Adapun kerugian yang akan dirasakan olehnya ketika tidak menjalankan perdagangan ini dengan baik ialah masuk ke dalam neraka dan terhalangi dari memandang wajah Allah Ta’ala. Apabila perkara-perkara ini telah tertanam kuat di dalam hati, niscaya akan terasa ringan melakukan muhasabah ketika di dunia. (al-Ighatsah, hal. 110)
Dua buah pertanyaan yang semestinya diajukan kepada diri kita sebelum mengerjakan suatu amal, yaitu: (1) untuk siapa dan (2) bagaimana caranya.

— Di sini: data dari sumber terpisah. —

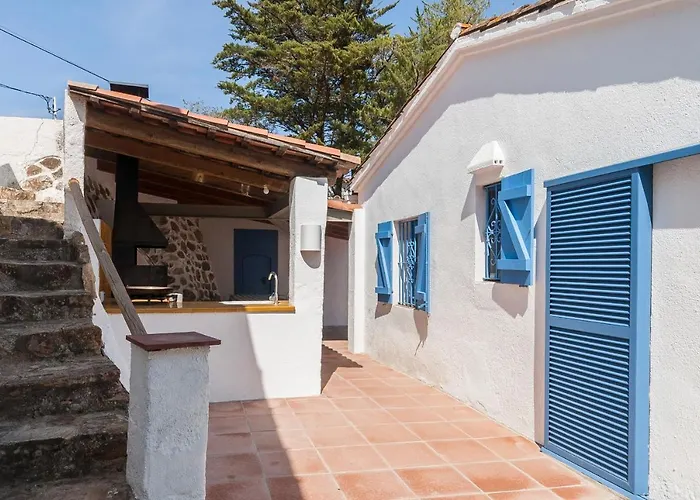 Holiday home Lets Holidays Big House With Bbq And Dining Outside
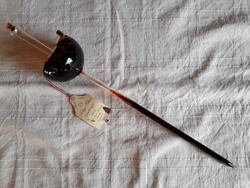 Vívó tőr vagy kard üvegből Tokaji 6 puttonyos aszúval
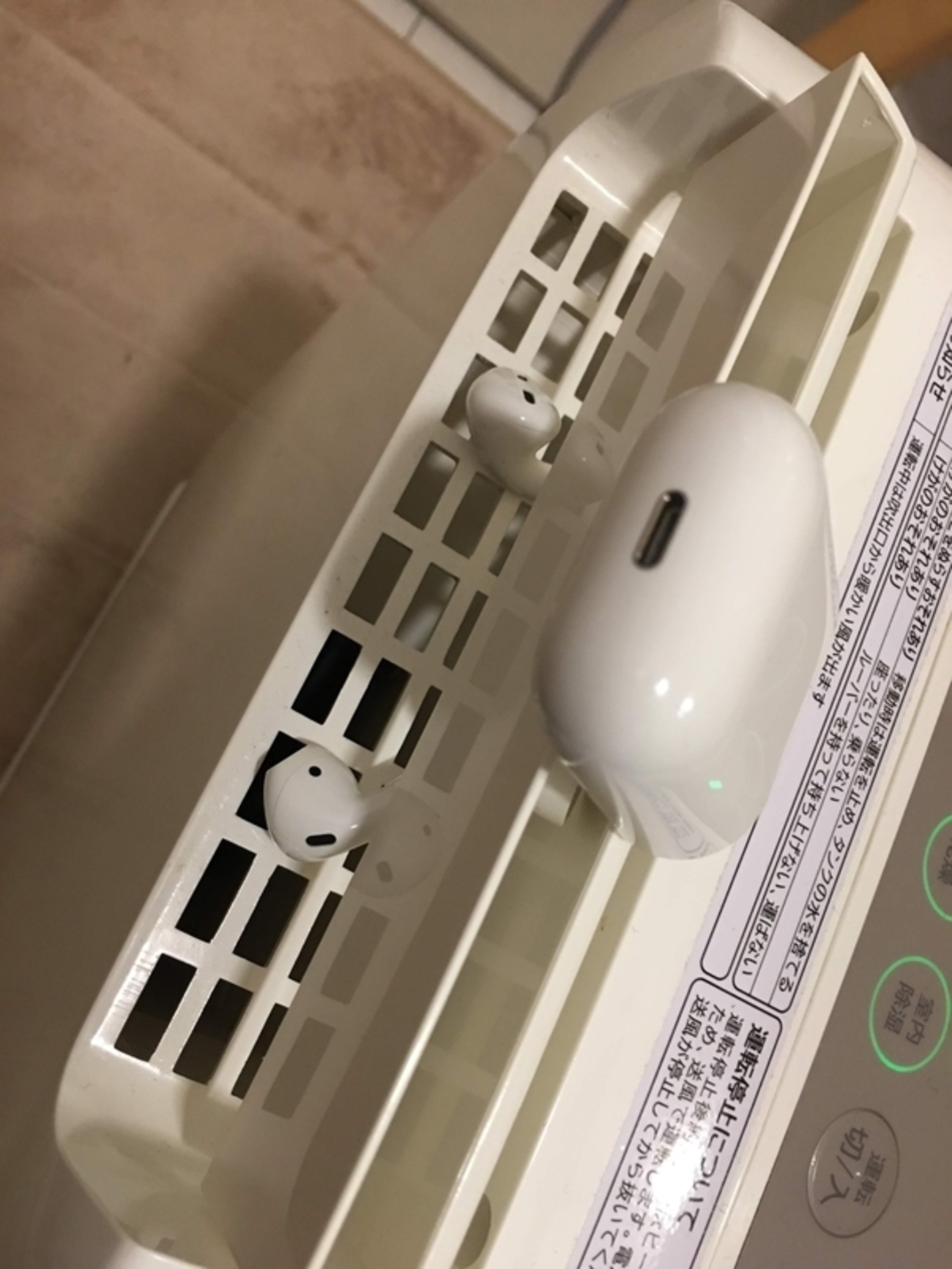 AirPodsは防水？→水に強かったのご報告 - イサオスタジオ Blog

Pertanyaan pertama adalah pertanyaan tentang keikhlasan. Adapun pertanyaan kedua adalah pertanyaan tentang komitmen untuk mengikuti tuntunan Rasulullah shallallahu ‘alaihi wa sallam. Sebab amal tidak akan diterima jika tidak memenuhi kedua-duanya. Allah Ta’ala berfirman,
“Demi Rabbmu, sungguh Kami akan menanyai mereka semuanya tentang apa saja yang mereka amalkan.” (QS. al-Hijr: 92-93).
Allah Ta’ala juga berfirman,
“Maka benar-benar Kami akan menanyai orang-orang yang rasul itu diutus kepada mereka dan Kami juga pasti akan menanyai para utusan itu. Maka akan Kami kisahkan kepada mereka dengan penuh pengetahuan dan tidaklah Kami tidak menyaksikan -apa yang telah mereka lakukan-.” (QS. al-A’raaf: 6-7) (Lihat al-Ighatsah, hal. 113).

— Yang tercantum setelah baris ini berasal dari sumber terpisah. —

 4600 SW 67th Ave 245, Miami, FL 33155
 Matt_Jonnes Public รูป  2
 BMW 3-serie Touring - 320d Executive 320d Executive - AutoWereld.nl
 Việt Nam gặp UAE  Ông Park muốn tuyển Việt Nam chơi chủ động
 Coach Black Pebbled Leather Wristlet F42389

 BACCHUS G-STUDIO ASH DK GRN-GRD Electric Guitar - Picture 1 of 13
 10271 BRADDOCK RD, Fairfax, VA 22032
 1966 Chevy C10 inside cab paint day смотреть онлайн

Allah Ta’ala juga berfirman,
“Supaya Allah menanyai orang-orang yang jujur itu mengenai kejujuran mereka.” (QS. al-Ahzab: 8).
Ibnul Qayyim rahimahullah berkata, “Kalau orang-orang yang jujur saja ditanyai dan dihisab mengenai kejujuran mereka, maka bagaimanakah lagi dengan para pendusta?”
Yang dimaksud dengan orang jujur dalam ayat itu adalah para rasul dan orang-orang yang menyampaikan ajaran rasul itu kepada kaumnya, apakah mereka telah menyampaikan dengan sebagaimana mestinya. Kemudian Allah juga akan menanyai masyarakat yang menjadi sasaran dakwah para rasul itu. Allah Ta’ala berfirman,
“Dan pada hari itu Allah memanggil mereka dan berkata, ‘Apa yang sudah kalian penuhi dari ajakan para rasul itu?’” (QS. al-Qashash: 65)
Nikmat yang telah Allah curahkan kepada kita -yang jumlahnya sedemikian banyak dan kita tidak bisa menghingganya-, itu pun akan ditanyakan, apakah kita sudah mensyukurinya dengan baik di jalan Allah Ta’ala. Allah Ta’ala berfirman,
“Kemudian kalian benar-benar akan ditanyai mengenai nikmat yang telah diberikan itu.” (QS. at-Takatsur: 8)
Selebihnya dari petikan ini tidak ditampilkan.